CSM 2012: The Power of Chance
CHICAGO -- All of us have chance encounters in our histories -- whether it's the person you met on vacation who ended up becoming your spouse, or the random conversation you struck up with a stranger on a plane that led to your dream job.
Don't underestimate the power of these seemingly minor events -- use them to your advantage, stressed Lawrence Cahalin, PT, PhD, CCS, professor of physical therapy at the University of Miami's Miller School of Medicine. Dr. Cahalin summarized his own journey through PT research and academia, in which seemingly small events led to large career transitions, during the APTA's Linda Crane Lecture at the Combined Sections Meeting in Chicago Feb. 9.
Dr. Cahalin's talk was titled "Professionalism and Core Values in Physical Therapy."
Dr. Cahalin began as a business student at the University of Missouri in St. Louis. While visiting the school's career center, he happened to open a book on career choices directly to a page describing physical therapy and the work that PTs do. Dr. Cahalin immediately applied to the school's PT program, and a career was born.
Later, as a PT student at Missouri, Dr. Cahalin was unsure of where to direct his talents when he happened to notice an issue of the Cardiopulmonary Physical Therapy Journal, and in particular an article profiling the cardiopulmonary research program at the University of Southern California. Dr. Cahalin contacted the program and soon found himself conducting research alongside notable cardiovascular physical therapists Scot Irwin, Randy Ice, Ray Blessey and Bob Huhn.

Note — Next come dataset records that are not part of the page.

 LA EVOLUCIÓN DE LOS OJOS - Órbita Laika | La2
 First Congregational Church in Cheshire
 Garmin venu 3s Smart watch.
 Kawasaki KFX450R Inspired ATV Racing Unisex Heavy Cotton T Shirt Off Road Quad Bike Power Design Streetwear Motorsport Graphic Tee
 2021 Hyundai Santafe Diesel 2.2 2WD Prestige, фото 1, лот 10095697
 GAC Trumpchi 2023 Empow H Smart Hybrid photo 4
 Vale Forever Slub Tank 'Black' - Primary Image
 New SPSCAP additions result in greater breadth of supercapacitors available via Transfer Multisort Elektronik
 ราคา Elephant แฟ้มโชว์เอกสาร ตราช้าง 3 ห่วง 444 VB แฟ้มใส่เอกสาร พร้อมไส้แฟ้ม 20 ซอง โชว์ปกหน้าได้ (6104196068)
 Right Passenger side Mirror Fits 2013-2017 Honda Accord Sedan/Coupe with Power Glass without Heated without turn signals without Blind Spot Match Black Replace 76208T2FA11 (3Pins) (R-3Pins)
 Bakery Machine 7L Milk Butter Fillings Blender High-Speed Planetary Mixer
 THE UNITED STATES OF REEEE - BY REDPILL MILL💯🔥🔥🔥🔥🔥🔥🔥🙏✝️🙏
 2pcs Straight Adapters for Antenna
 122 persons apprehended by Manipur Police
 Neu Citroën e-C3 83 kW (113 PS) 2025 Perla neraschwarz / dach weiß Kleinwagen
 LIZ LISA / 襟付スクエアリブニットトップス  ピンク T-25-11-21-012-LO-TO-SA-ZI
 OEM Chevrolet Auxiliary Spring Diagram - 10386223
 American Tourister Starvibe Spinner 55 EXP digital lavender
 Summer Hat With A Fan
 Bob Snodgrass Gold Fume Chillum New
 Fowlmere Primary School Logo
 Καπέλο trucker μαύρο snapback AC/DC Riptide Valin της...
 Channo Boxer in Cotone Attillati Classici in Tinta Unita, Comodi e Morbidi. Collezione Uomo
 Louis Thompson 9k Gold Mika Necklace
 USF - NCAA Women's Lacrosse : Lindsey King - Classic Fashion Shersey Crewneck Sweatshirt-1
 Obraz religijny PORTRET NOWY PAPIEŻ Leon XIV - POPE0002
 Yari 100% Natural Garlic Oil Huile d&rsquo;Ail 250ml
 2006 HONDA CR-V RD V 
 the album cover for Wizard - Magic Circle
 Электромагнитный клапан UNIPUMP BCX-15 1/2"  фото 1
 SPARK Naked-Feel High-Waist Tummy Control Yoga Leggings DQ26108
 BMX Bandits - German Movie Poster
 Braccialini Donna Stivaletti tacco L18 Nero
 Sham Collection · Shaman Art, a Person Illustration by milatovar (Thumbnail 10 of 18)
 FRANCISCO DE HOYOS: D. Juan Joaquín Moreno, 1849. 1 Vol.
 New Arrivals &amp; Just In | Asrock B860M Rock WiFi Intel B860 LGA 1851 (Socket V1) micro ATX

While at USC, Dr. Cahalin's advisor was Helen Hislop, who spent three decades in USC's physical therapy department and has an APTA award named in her honor for outstanding contributions to PT literature. Hislop advised Dr. Cahalin to move to the University of Iowa, where he could further develop his talents, and where he would ultimately earn his master's of physical therapy degree.
Further "chance encounters" would lead Dr. Cahalin to the University of Massachusetts Boston, where he'd earn his PhD in gerontology, and academic positions at Boston University, Northeastern University and now the University of Miami.
"We love the social capital" in physical therapy, Dr. Cahalin told his audience. Chance encounters are abundant in such a people-driven profession. Take charge of these random moments and optimize their power by following up on recommendations, returning phone calls and maximizing your involvement in professional associations. "We can't just leave things up to chance," he said.